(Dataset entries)
◇ ◇ ◇ ◇ ◇ ◇ ◇

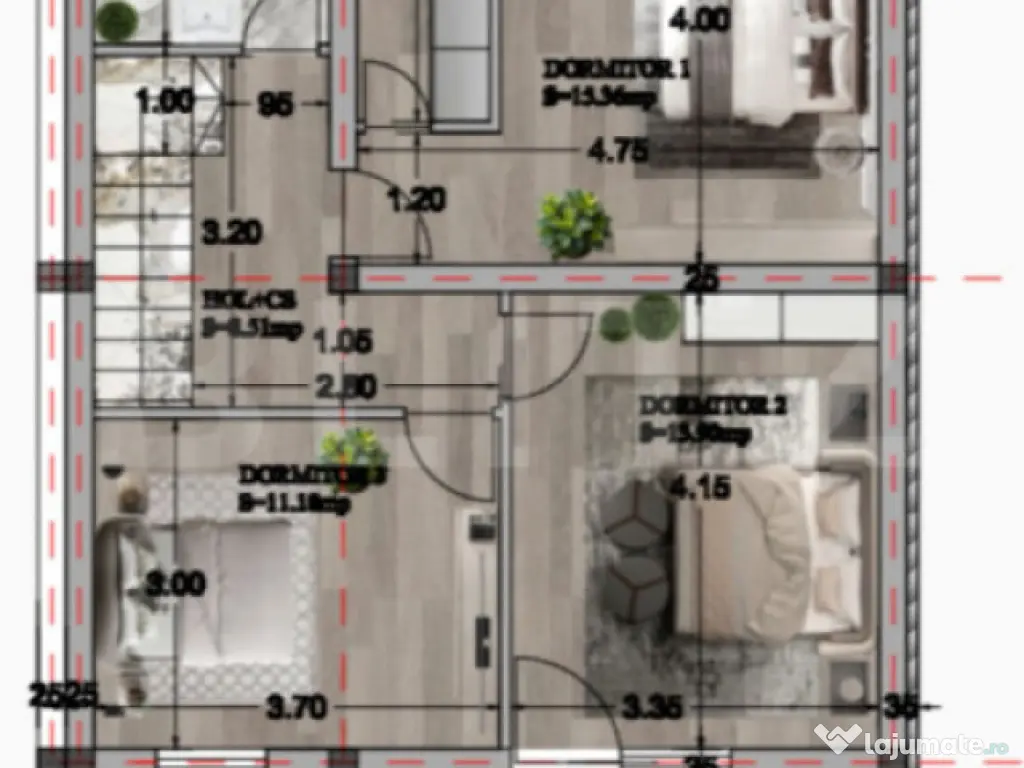 Duplex modern în zonă premium – 3 dormitoare, toate util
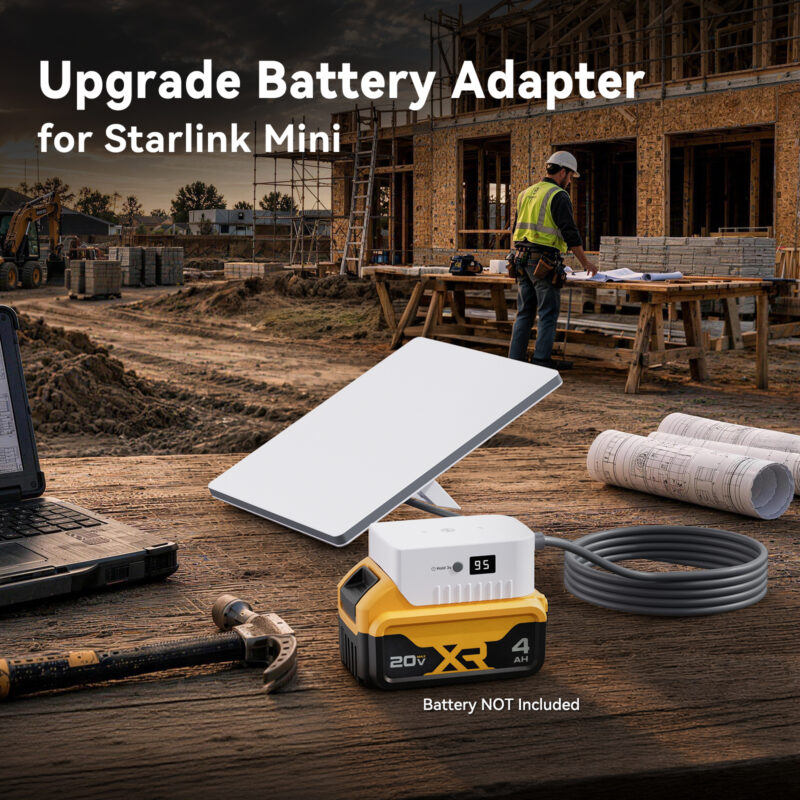 Starlink Mini Power Adapter for De.Walt 20V Battery, Over-Discharge Protection, Battery Level Display & ON/OFF Switch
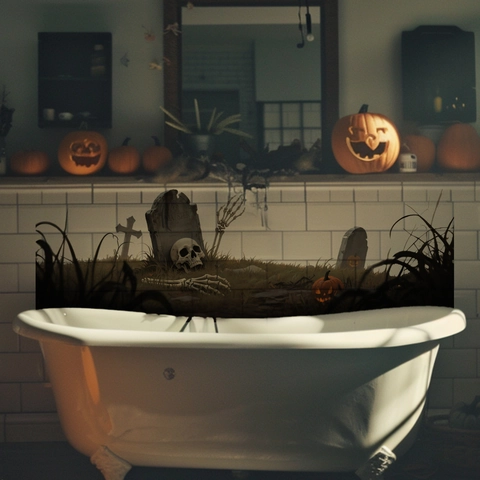 Αυτοκόλλητα Τοίχου Halloween PVC Αυτοκόλλητα Τρομακτικό Νεκροταφείο Ματωμένη Αποτύπωμα Χεριού Κολοκύθα Νυχτερίδα Διακόσμηση
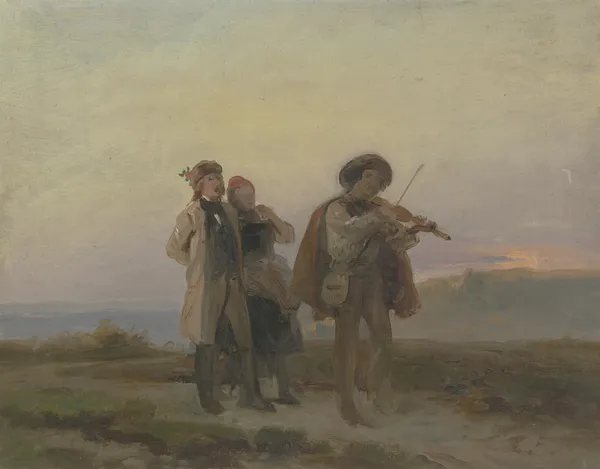 Abendlicher Spaziergang, Geiger und Bauernpaar auf den Feldern av Jakob Becker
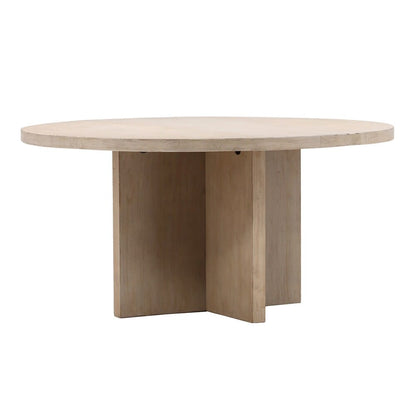 Henry & Mason - Davidson 60in Round Reclaimed Pine Wood Dining Table in Warm Wash Finish - DV7865 veiw 1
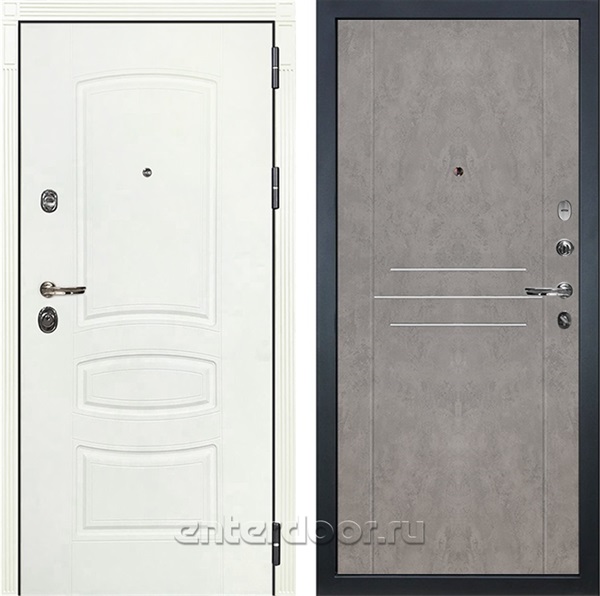 Входная металлическая дверь Лекс Сенатор 3К №81 (Белая шагрень / Бетон светлый)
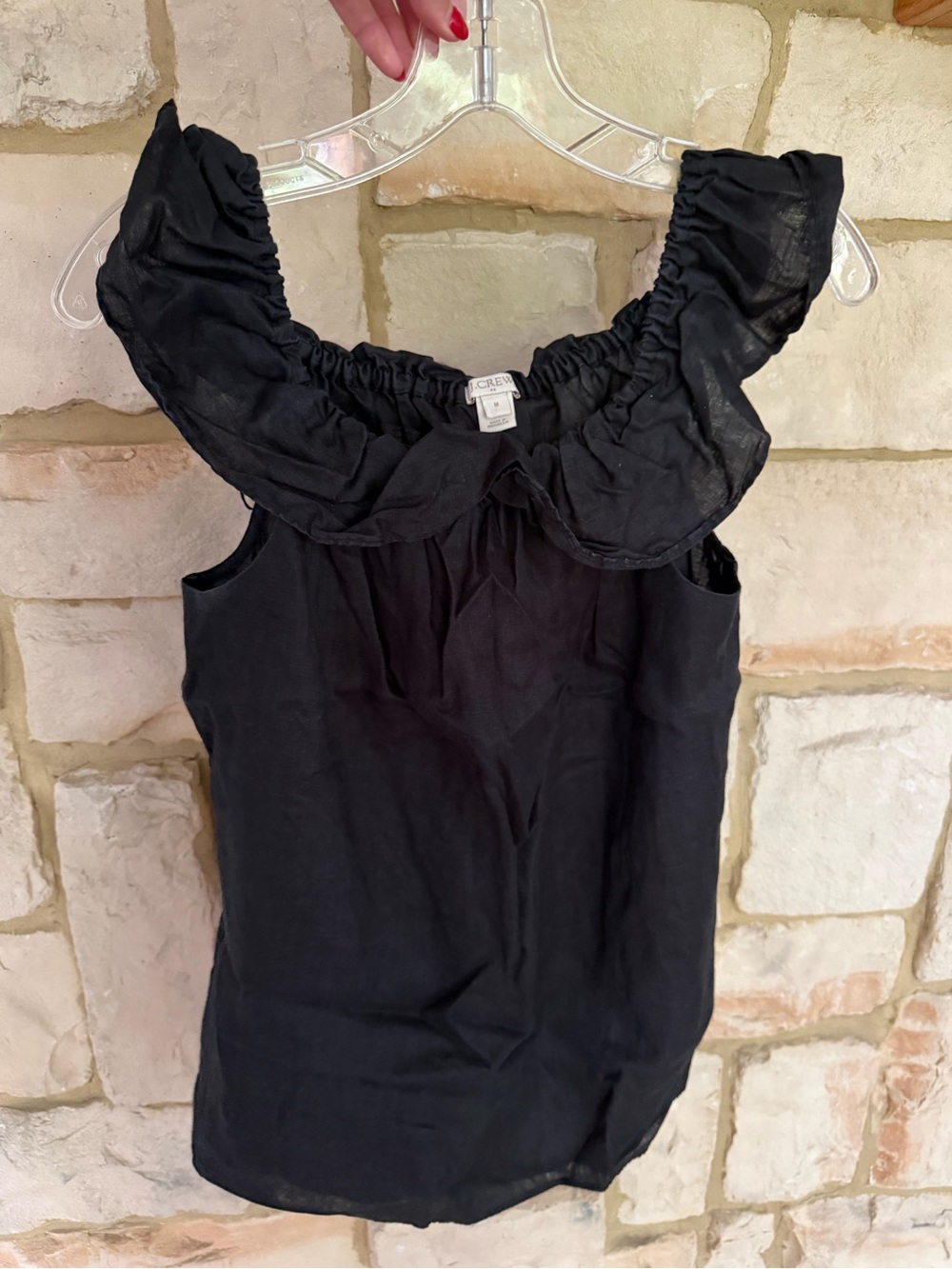 J. Crew Black Ruffle-Neck Sleeveless Camisole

◇ ◇ ◇ ◇ ◇ ◇ ◇

YOUR ASSIGNMENT:
Set down the entries word for word, omitting all pictures.

EXPECTED ANSWER:
 Duplex modern în zonă premium – 3 dormitoare, toate util
 Starlink Mini Power Adapter for De.Walt 20V Battery, Over-Discharge Protection, Battery Level Display & ON/OFF Switch
 Αυτοκόλλητα Τοίχου Halloween PVC Αυτοκόλλητα Τρομακτικό Νεκροταφείο Ματωμένη Αποτύπωμα Χεριού Κολοκύθα Νυχτερίδα Διακόσμηση
 Abendlicher Spaziergang, Geiger und Bauernpaar auf den Feldern av Jakob Becker
 Henry & Mason - Davidson 60in Round Reclaimed Pine Wood Dining Table in Warm Wash Finish - DV7865 veiw 1
 Входная металлическая дверь Лекс Сенатор 3К №81 (Белая шагрень / Бетон светлый)
 J. Crew Black Ruffle-Neck Sleeveless Camisole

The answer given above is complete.